Exceptional in so Many Ways—Discovering Descriptors That Display Exceptional Behavior on Contrasting Scenarios

Autor: Wouter Duivesteijn, Sebastián Ventura, Mykola Pechenizkiy, José María Luna
Přispěvatelé: Data Mining, EAISI Health, EAISI Foundational
Rok vydání: 2020
Předmět:
Zdroj: IEEE Access, 8:9245545, 200982-200994. Institute of Electrical and Electronics Engineers
ISSN: 2169-3536
DOI: 10.1109/access.2020.3034885
Popis: The current state of the art in supervised descriptive pattern mining is very good in automatically finding subsets of the dataset at hand that are exceptional in some sense. The most common form, subgroup discovery, generally finds subgroups where a single target variable has an unusual distribution.
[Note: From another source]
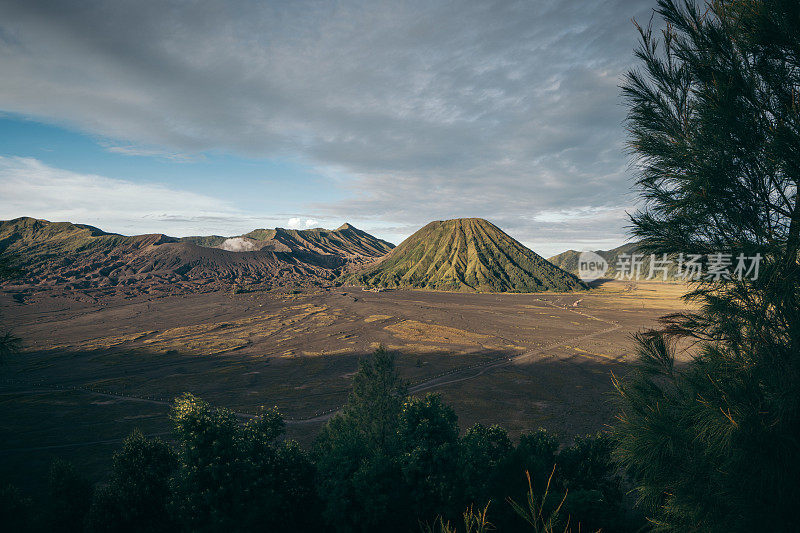 婆罗摩火山。印尼的风景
Exceptional model mining (EMM) typically finds subgroups where a pair of target variables display an unusual interaction. What these methods have in common is that one specific exceptionality is enough to flag up a subgroup as exceptional. This, however, naturally leads to the question: can we also find multiple instances of exceptional behaviour simultaneously in the same subgroup? This paper provides a first, affirmative answer to that question in the form of the SPEC (Subsets of Pairwise Exceptional Correlations) model class for EMM. Given a set of predefined numeric target variables, SPEC will flag up subgroups as interesting if multiple target pairs display an unusual rank correlation. This is a fundamental extension of the EMM toolbox, which comes with additional algorithmic challenges. To address these challenges, we provide a series of algorithmic solutions whose strengths/flaws are empirically analysed.
Databáze: OpenAIRE